View attachment 719205


The pressure plate cover now has a couple of dime sized slugs welded onto it in the 9:00, 12:00 & 1:00 positions.

View attachment 719206

I can't blame the previous owner because he brought it to a "reputable" shop for rebuilding. However, it just goes to show that there was some shoddy work done that he didn't know about. Looking through the slips I got with the car, the shop in CO charged $180.00 for the balancing job 5 years ago & my shop charged me $540.00 yesterday. I understand that things were cheaper 5 years ago, but it does go to show that you do get what you pay for. After looking at what was done, I have no doubts that this engine will run very smooth.

While apart, part of my plan was to convert the car from manual steering to power steering which has been done. I sourced most of the needed parts from placing want-ads here & the steering gearbox was sent to Steer & Gear for a rebuild and upgrade.
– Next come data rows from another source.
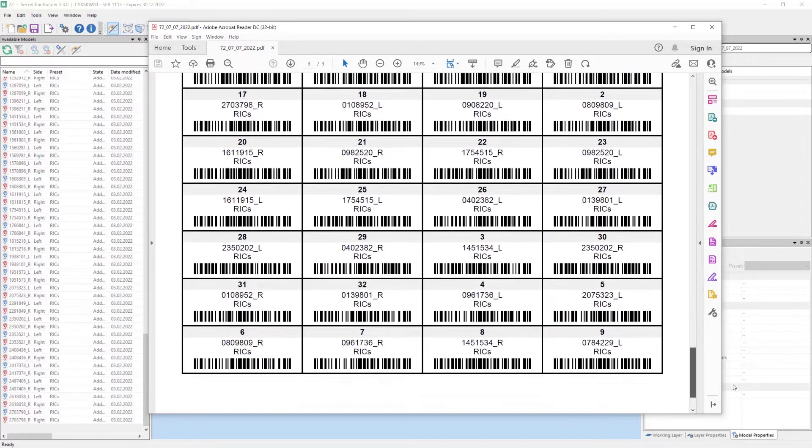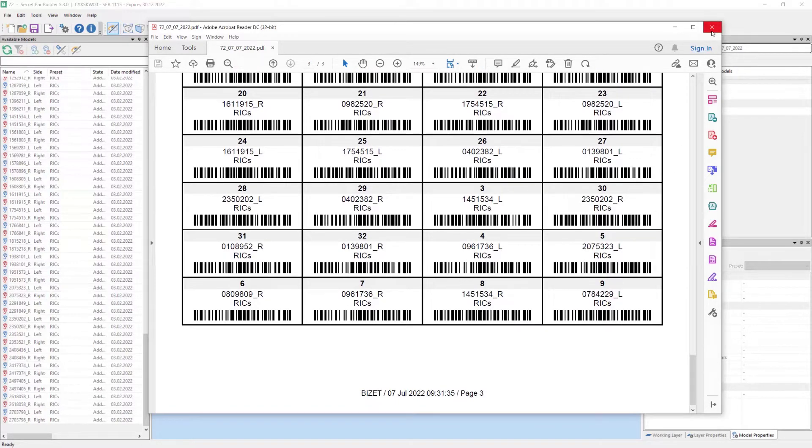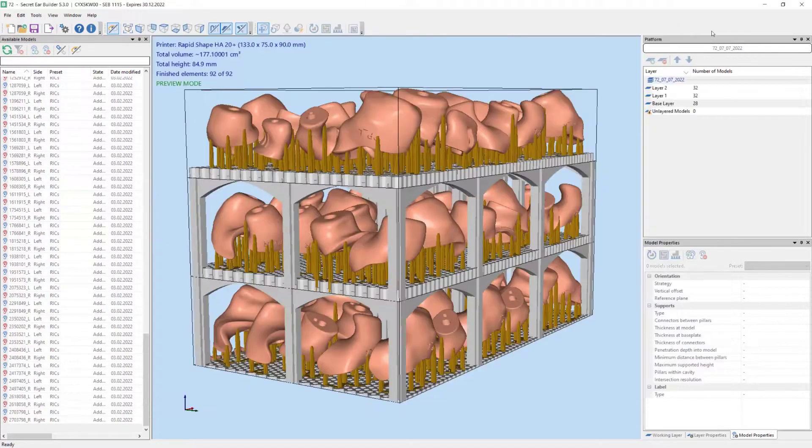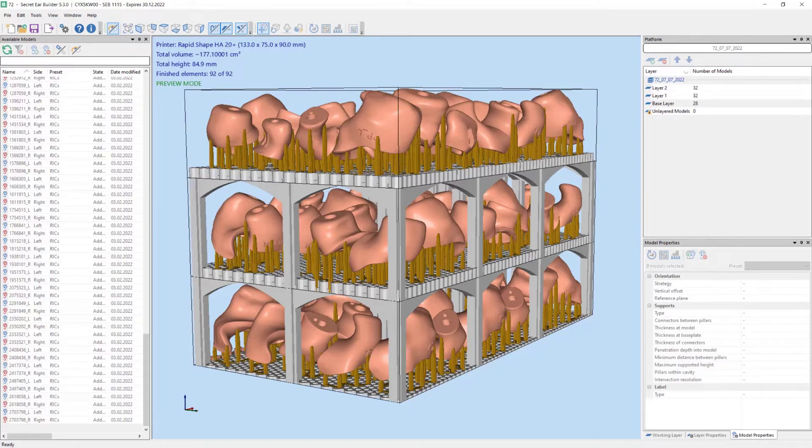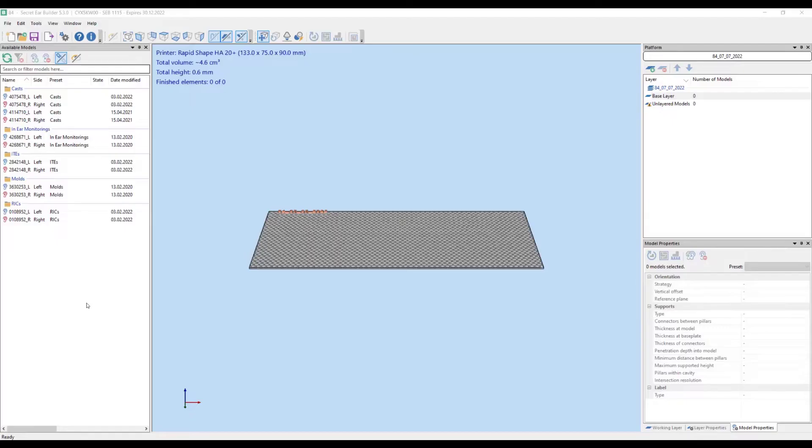Syfex Cicadier Builder creates build jobs within minutes. Creating and fine-tuning a single layer build with rigs, ITEs, skeleton ear molds, IEMs and injection molds.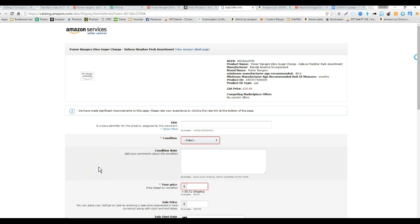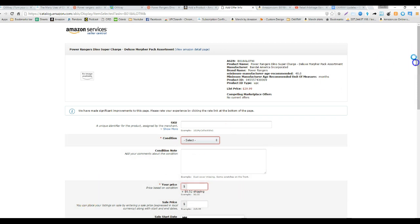is right now there's no one competing with you so you can set the price if there's a new Power Rangers movie coming out soon or whatever the case may be. You want to get this in ahead of time and you know that you're going to be the first person on this listing so you have it to yourself for a period of time.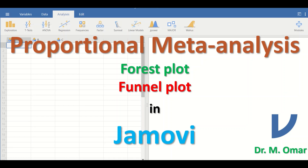Proportional meta-analysis in Jamovi: generating a forest plot and a funnel plot. Proportional meta-analysis is a single-group type of meta-analysis, which is different from pairwise group meta-analysis.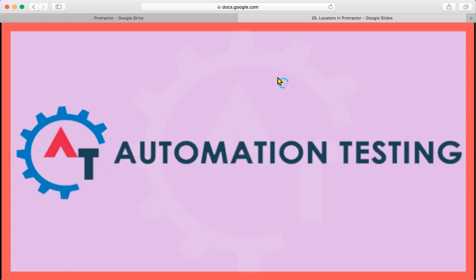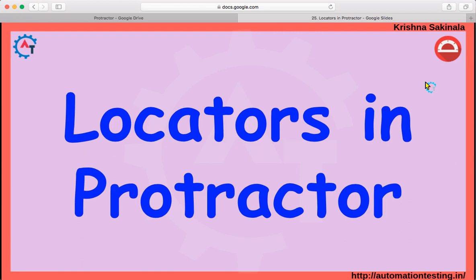Welcome to automation testing. In this video we will see locators in Protractor. A locator means to identify something on the web page — how you interact with any element on the web page. There is a text box, a button, a link on the web page. If you want to click on something or enter text into a text box, you need to identify those elements by taking some reference, and for that we use locators.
Special thanks goes out to Fran Blacker for letting me use his transmission tailshaft removing & installation tools, which allowed me to remove & reinstall the tailshaft bushing without pulling the 4-speed transmission apart. That was a HUGE time and effort saver.

:thumbsup:

So, tonight, the plan is to reinstall rods, pistons & oil pan. Tomorrow, the top end will go on & Friday, I'll paint it. )Got to take Thursday off for Valentine's Day.) If all goes well, it's going back in this weekend.
You need anymore tools? Thanks for your generous reward.
 
Are you kiddin?

I'm buying chocolates and a rose for my car!
 
Received the new timing chain and gears for the '53 flathead in my '55 Plymouth wagon. I wonder how long that Borg Warner gear sat on a shelf waiting for someone to need it.
Plaza Timing Chain.jpg
Plaza Timing Gear.jpg
Plaza Timing Gear (2).jpg
 
before .... after. .... keep messing around and il have a nicer truck and my 66 ....

01313_bQit2GWr0Hm_600x450.jpg 51919764_375488726619931_7844438976491421696_n.jpg
 
Pulled the slick shift trans, blow proof bell housing, scatter shield, clutch, aluminum flywheel, big tube headers, and exhaust. Waiting on a few parts to put new trans, new flywheel, new clutch, stock exhaust manifolds, and new exhaust system back in.